SN1 reaction - Wikipedia, the free encyclopedia

The second reaction is apparently reversible, (it is very slow though) and that's what made me think of the above reaction I wrote (but unfortunately forgot the R' and R'' parts and put H2 instead). Maybe it's because of the yield, the racemization occurs over a long time.

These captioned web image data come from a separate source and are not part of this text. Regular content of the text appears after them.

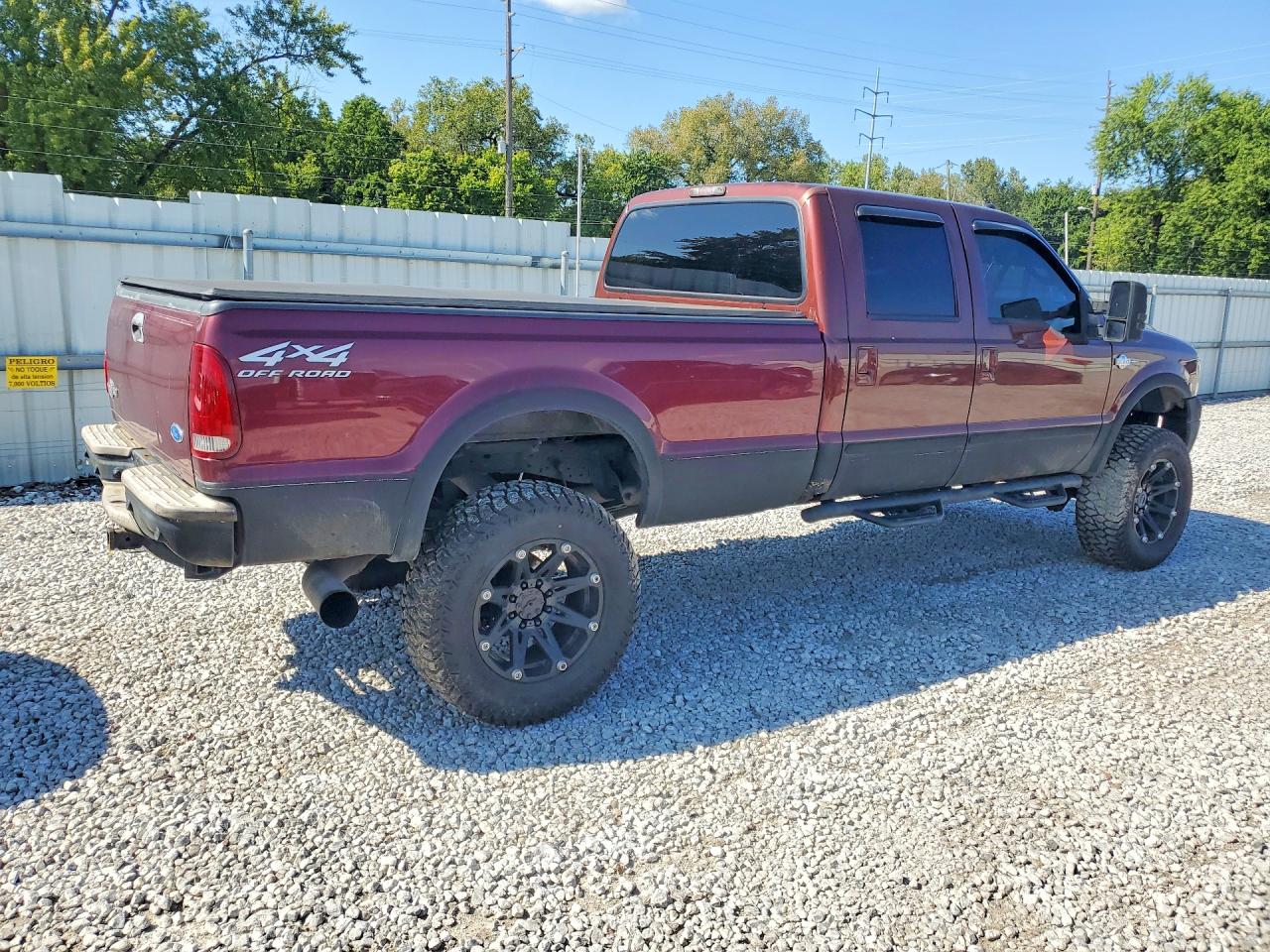 2006 Ford F250 Super Duty Burgundy vin: 1FTSW21P06ED15570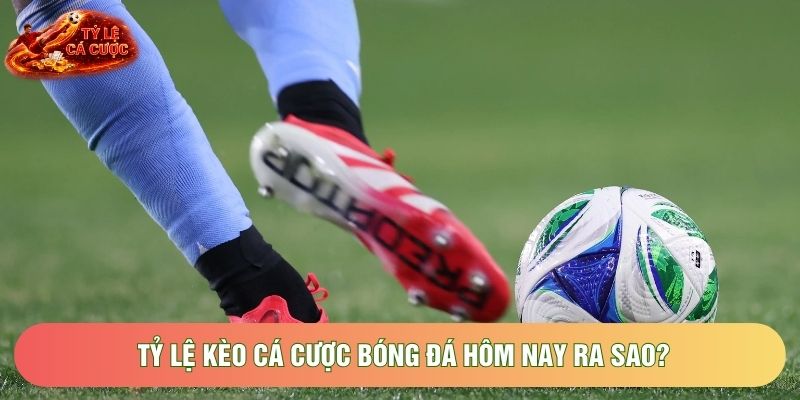 Tỷ lệ kèo cá cược bóng đá hôm nay ra sao?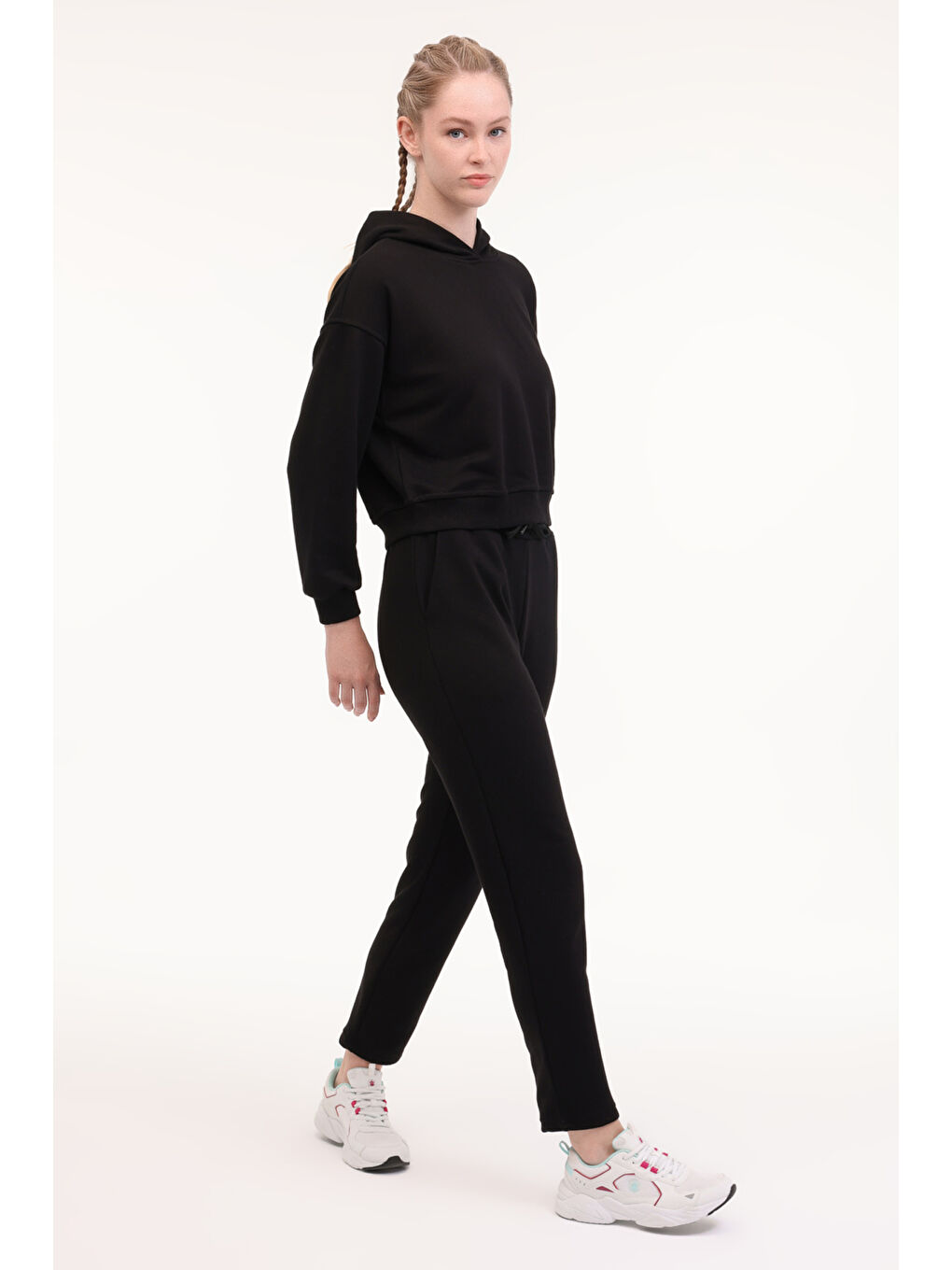 WB 22ADEN-P 5PR Siyah Kadın Eşofman Altı-2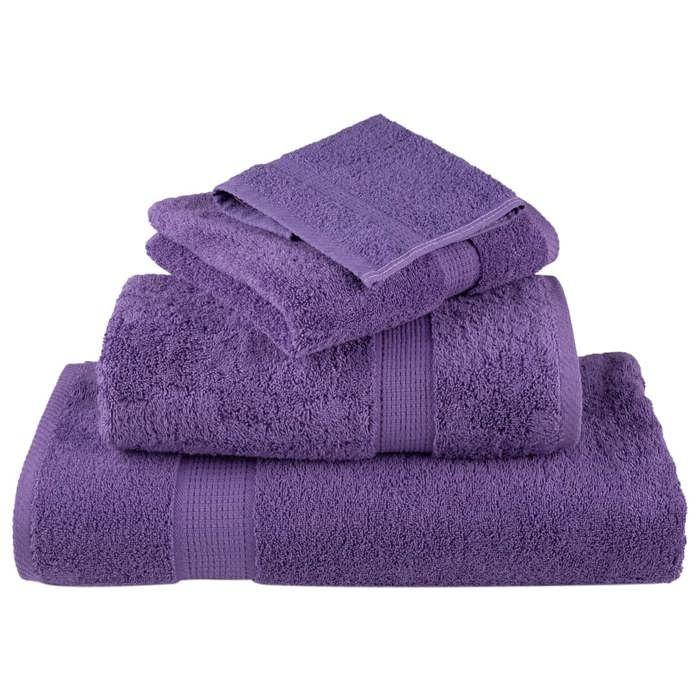 VidaXL Serviettes de toilette Premium SOLUND 4 pièces Violet 30 x 30 cm 600 g/m² 137348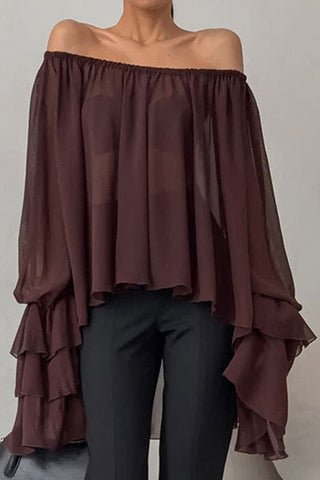 Off-Shoulder Ruffle Blouse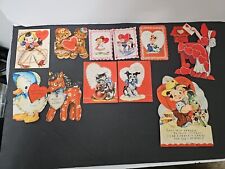 11 Vintage 1940 50 Valentine Cards  picture
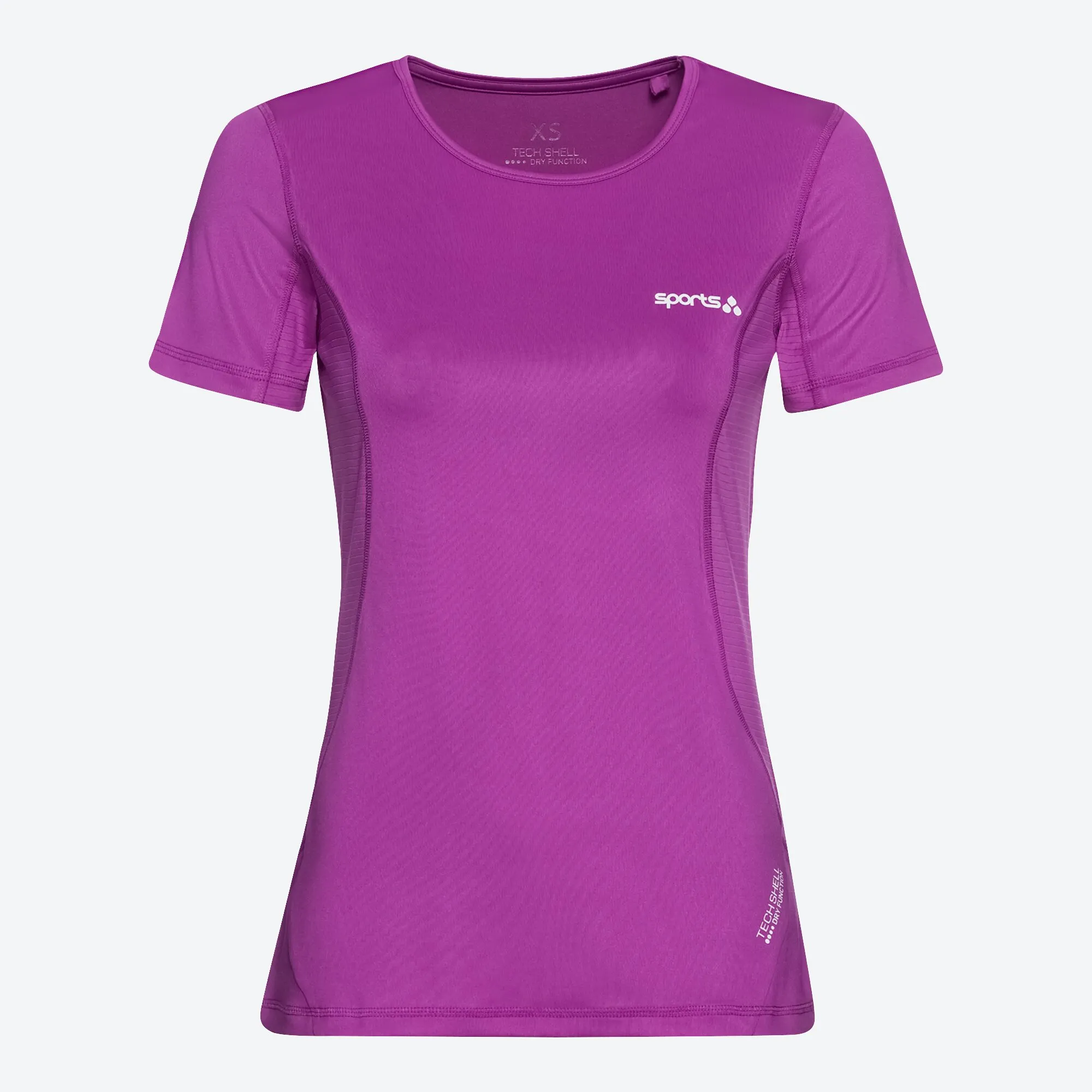 Damen-Funktions-T-Shirt mit Rundhals
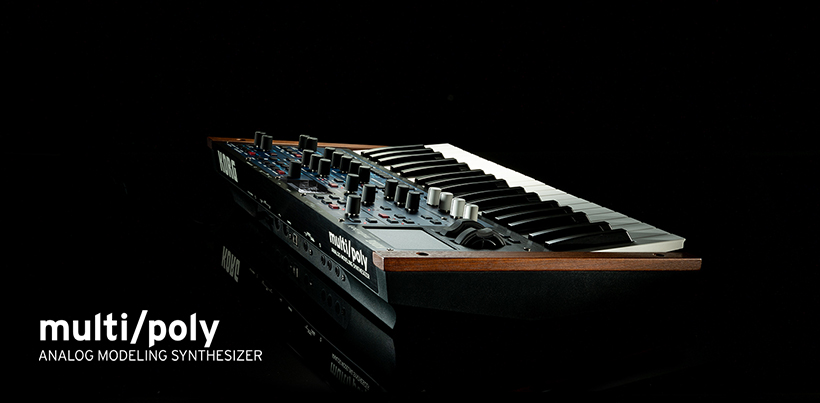 multi/poly - ANALOG MODELING SYNTHESIZER | KORG (Japan)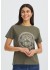 Fransa FRZARY TEE 1 - Gr&oslash;n t-shirt 20618107 Grape Leaf w White Gold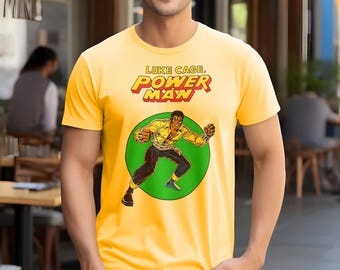 Luke Cage Power Man Comic Super Heroes Vintage T Shirt Unisex sizes S-5XL 100% cotton Cover Art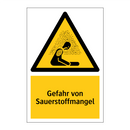 Gefahr von Sauerstoffmangel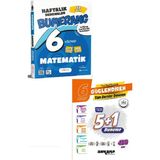 Günay Yayınları 6. Sınıf Bumerang Matematik 32 Haftalık Deneme + Ankara Yayıncılık 5+1 Deneme Seti (5 Sarmal 1 Genel Deneme)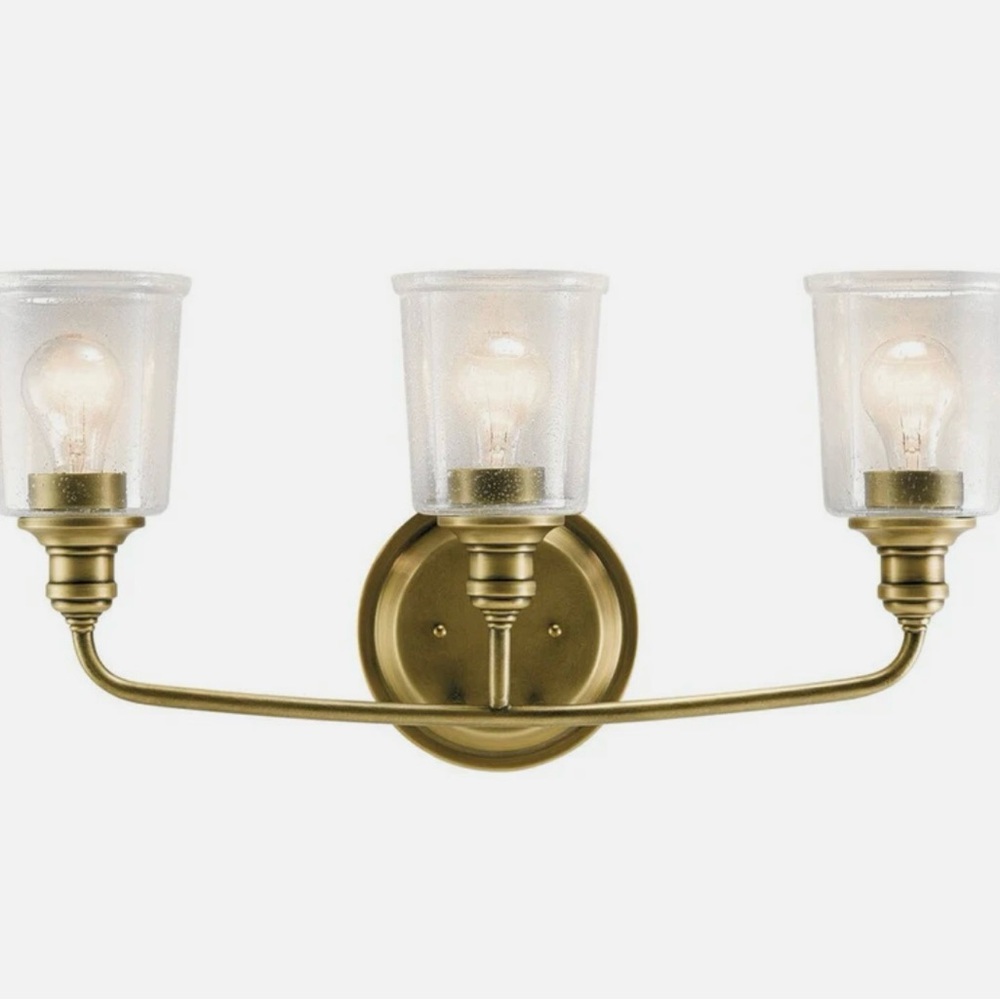 Kichler Natural Brass Vanity Light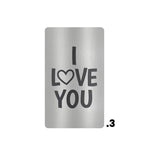 Custom Cane Engraving - Rectangle Stainless Steel Love Engraving Plaque - I am loved (ornate version) - Tophatter Daily Deals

And unfortunately, for the time being, I'm more heading towards accounting than more science... maybe in my late years :o

[DrBob1]

The "second reaction" is (CH3)3CBr ------> (CH3)3C+ + Br-. It is indeed reversible (it is the final step in the addition of HBr to methylpropene). But as I said, I do not think this happens in the practice of an SN1 reaction. That would lead to the racemization of a chiral starting material, not just to the formation of a racemic product. The carbcation must be made to react quickly or else side reactions (rearrangements, loss of H+, etc) will take place. So I still think that it CAN BE reversible, but ISN'T.
The Wikipedia article says this is a slow step; that is correct. But remember that it is slow in comparison to the other steps. It is the "rate determining step". The overall reaction can be quite fast in practical terms.
I think you show great promise as a scientist, Ucky, but you havr to follow your dreams. Good luck.

[Unknown008]

Aww, I wish I could send you another rep, but for that, I need to go to the 'Go' skin if I want to bypass the distribution of greenies. That'll be for another time :)

Thank you!

Hm... so if there were no nucleophile at all, that might be possible after a long long time, understanding that the reaction is reversible..

[DrBob1]

When you're working with carbocations there is no "long time". They are exremely reactive and if nothing comes along to which they can form a bond, they will lose a proton and become an alkene. Before or after rearranging.